Records from a data source ->
Content starts

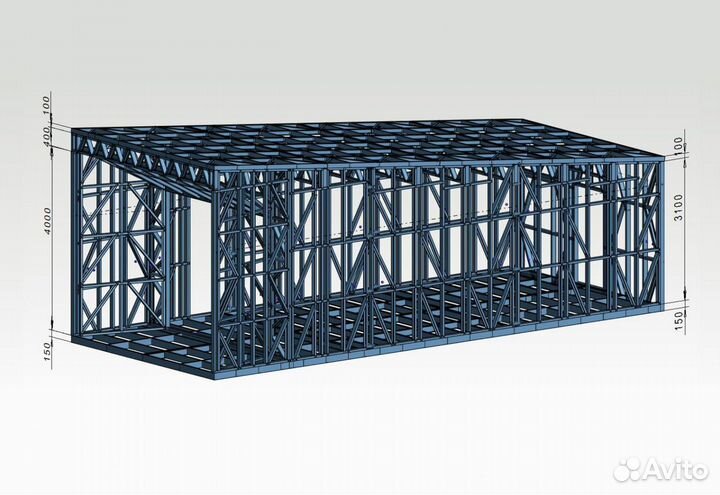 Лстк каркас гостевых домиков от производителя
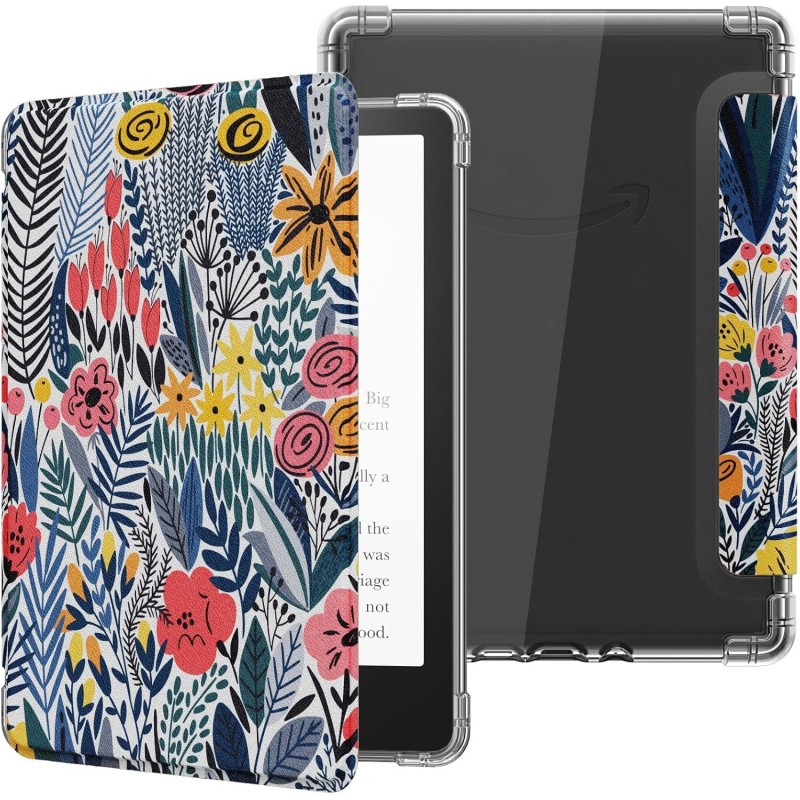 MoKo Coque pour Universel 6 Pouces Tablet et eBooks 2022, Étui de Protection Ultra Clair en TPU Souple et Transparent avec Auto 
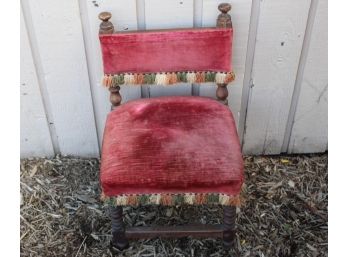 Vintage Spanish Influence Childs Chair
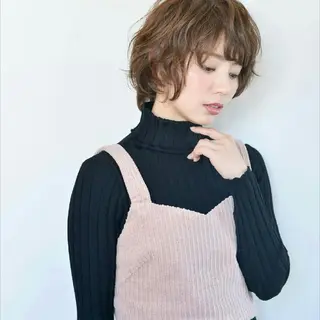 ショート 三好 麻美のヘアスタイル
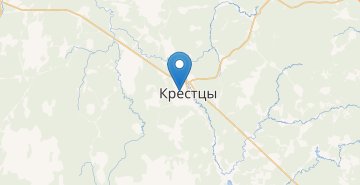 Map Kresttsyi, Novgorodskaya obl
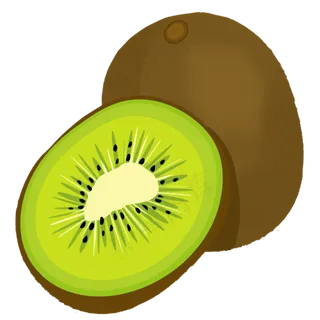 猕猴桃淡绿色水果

Content ends

WHAT IS NEEDED ->
Write out the data exactly, but not its pictures.

SOLUTION TO THIS PROBLEM ->
 Лстк каркас гостевых домиков от производителя
 MoKo Coque pour Universel 6 Pouces Tablet et eBooks 2022, Étui de Protection Ultra Clair en TPU Souple et Transparent avec Auto 
 Vintage Spanish Influence Childs Chair
 ショート 三好 麻美のヘアスタイル
 Map Kresttsyi, Novgorodskaya obl
 猕猴桃淡绿色水果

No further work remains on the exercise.